/HyperMine

Discovering Hypernymy in Text-Rich Heterogeneous Information Network by Exploiting Context Granularity (CIKM'19)

Primary LanguagePython

Discovering Hypernymy in Text-Rich Heterogeneous Information Network by Exploiting Context Granularity

Source code and data for CIKM'19 paper "Discovering Hypernymy in Text-Rich Heterogeneous Information Network by Exploiting Context Granularity".

Weak Supervision I/O Format

Note: We need to assume phrases in the dictionary are underscore-concatenated (words joined by underscores) to comply with the gensim format to be used, which is not the case for existing data. The following documentation assumes this assumption is true. If Jiaming is building the NN model on top of existing data, please consider this.

In this section, we refer to a concept/entity as a node when the context is clear considering the use of network data in this project.

The weak supervision model is provided with nodewise features for all nodes, pairwise features for selected node pairs, and a set of positive node pairs as weak supervision.

Note that we may provide multiple files for pairwise features and multiple files for nodewise features down the road in order to enable potentially tweaked neural network structures that distinguishes features from different sources (e.g., embedding v.s. DIH-based)/

Nodewise Feature Format

Each nodewise feature file follows the embedding file format in gensim with the first line being

num_records num_features

and the each of the rest of line being

node_name feature_value_1 feature_value_2 ...

where spaces are used as separators on each line.

Pairwise Feature Format

Since pairwise feature is sparse, we use one file for one pairwise feature. In one file, each line is a record for a hypernym-hyponym pair with the format

hypernym_node_name	hyponym_node_name	feature_value

where tabs are used as separators on each line. We use tabs for better readability.

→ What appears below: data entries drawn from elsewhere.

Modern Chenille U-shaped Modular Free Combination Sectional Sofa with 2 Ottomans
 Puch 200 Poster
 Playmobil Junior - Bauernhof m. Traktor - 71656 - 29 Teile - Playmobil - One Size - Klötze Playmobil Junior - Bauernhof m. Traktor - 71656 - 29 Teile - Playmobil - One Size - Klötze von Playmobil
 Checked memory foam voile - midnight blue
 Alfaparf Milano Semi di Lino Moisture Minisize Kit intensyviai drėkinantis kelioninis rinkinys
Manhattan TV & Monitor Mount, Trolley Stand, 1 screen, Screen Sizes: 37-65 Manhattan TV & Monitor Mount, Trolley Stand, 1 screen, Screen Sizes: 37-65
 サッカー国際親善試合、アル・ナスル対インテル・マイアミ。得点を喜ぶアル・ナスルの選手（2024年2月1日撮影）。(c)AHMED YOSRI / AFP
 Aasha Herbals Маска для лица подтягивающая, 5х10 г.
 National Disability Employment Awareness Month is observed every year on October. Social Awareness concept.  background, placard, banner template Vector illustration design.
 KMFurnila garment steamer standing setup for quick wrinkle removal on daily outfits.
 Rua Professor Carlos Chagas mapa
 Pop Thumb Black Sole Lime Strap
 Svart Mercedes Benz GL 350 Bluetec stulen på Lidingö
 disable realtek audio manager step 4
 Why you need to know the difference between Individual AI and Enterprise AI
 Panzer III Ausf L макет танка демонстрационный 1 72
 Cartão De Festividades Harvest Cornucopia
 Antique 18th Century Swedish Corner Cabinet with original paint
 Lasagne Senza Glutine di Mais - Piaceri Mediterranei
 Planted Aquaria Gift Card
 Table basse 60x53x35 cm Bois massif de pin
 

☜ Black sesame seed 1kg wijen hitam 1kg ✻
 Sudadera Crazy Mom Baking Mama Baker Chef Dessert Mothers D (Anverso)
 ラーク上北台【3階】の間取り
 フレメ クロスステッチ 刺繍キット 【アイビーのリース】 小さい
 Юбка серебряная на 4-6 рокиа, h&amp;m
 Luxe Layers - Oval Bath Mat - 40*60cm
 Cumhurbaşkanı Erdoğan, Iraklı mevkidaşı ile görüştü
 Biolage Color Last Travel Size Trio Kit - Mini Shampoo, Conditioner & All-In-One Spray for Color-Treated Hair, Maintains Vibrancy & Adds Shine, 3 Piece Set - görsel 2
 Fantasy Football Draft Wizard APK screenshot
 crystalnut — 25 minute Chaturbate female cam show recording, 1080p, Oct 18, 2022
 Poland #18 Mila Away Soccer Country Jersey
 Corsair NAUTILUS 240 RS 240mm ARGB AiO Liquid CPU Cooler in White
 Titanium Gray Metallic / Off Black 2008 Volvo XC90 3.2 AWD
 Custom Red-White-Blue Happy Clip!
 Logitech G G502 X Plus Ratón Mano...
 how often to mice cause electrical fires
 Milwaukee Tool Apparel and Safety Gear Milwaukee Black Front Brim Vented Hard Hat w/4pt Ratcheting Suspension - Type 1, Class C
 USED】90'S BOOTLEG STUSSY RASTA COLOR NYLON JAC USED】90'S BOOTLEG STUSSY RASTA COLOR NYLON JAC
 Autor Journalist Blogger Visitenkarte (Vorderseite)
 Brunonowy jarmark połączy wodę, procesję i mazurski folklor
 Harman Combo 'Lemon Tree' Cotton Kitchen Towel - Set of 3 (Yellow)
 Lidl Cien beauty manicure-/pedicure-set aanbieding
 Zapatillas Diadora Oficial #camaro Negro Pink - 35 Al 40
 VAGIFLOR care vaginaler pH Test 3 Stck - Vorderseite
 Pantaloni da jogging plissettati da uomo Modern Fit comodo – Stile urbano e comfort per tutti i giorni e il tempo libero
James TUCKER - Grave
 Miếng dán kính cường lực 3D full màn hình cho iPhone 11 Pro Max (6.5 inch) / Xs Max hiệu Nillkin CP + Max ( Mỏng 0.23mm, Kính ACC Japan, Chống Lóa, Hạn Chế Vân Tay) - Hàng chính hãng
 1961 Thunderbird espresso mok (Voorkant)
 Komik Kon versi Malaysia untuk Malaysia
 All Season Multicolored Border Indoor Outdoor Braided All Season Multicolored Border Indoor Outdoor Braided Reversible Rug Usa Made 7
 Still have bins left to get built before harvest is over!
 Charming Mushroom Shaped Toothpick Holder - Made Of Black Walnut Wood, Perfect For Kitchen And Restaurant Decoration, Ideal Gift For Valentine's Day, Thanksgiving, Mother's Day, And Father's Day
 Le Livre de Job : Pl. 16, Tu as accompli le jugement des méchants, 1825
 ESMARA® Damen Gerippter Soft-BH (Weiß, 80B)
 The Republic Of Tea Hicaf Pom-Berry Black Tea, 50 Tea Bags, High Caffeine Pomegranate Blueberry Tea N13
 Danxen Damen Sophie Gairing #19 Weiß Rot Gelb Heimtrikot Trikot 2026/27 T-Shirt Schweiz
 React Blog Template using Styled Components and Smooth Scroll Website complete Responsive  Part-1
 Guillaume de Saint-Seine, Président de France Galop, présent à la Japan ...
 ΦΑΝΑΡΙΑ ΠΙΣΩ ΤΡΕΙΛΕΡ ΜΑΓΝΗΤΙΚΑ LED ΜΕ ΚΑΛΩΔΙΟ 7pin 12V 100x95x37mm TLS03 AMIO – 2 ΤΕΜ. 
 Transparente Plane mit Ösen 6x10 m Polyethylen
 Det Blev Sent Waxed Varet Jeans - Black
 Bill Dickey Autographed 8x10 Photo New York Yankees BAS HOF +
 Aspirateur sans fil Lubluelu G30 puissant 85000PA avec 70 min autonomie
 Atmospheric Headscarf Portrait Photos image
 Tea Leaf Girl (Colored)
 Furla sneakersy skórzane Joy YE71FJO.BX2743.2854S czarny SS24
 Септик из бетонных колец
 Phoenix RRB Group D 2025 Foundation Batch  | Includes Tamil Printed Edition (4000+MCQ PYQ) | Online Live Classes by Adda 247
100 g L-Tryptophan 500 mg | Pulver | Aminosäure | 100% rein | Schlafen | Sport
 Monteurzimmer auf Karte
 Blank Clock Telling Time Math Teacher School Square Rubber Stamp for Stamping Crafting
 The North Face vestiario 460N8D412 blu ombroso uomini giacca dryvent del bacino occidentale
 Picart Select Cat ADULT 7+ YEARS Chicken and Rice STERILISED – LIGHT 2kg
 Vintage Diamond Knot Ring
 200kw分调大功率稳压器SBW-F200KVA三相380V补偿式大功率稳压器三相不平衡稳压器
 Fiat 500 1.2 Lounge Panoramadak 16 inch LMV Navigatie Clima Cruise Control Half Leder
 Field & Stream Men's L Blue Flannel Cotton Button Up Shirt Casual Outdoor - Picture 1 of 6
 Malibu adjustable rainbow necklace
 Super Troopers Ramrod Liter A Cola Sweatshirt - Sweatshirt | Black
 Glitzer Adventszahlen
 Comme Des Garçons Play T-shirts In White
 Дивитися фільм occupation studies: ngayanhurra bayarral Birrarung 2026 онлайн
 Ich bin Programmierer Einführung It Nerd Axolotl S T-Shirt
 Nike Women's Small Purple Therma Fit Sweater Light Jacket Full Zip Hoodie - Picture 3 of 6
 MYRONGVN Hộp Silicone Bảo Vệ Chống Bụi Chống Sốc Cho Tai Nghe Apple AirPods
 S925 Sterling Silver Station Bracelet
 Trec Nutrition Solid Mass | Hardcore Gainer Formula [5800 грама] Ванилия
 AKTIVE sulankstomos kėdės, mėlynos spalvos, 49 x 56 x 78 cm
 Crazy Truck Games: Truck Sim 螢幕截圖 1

An example file can be found at /data/yushi2/linkedin_maple/maple_github/data/one_example_pair_feature.tsv on dmserv4 (existing as of Dec. 19, 2018). Please reach out to us if you would like to obtain a copy.

Supervision

The supervision file provides a list of positive hypernym-hyponym pairs. Each line is a record with format

hypernym_node_name	hyponym_node_name

where tabs are used as separators.

An example file can be found at /data/yushi2/linkedin_maple/maple_github/data/example_supervision_from_dblp.tsv on dmserv4 (existing as of Dec. 19, 2018). Please reach out to us if you would like to obtain a copy.

Output Format

We expect the output format to be similar to pairwise feature with each line being

hypernym_node_name	hyponym_node_name	score

where higher score indicates higher likelihodd. If needed, we may additionally provide a list of pairs to be evaluated for the NN model to make prediction on with a format identical to the supervision file.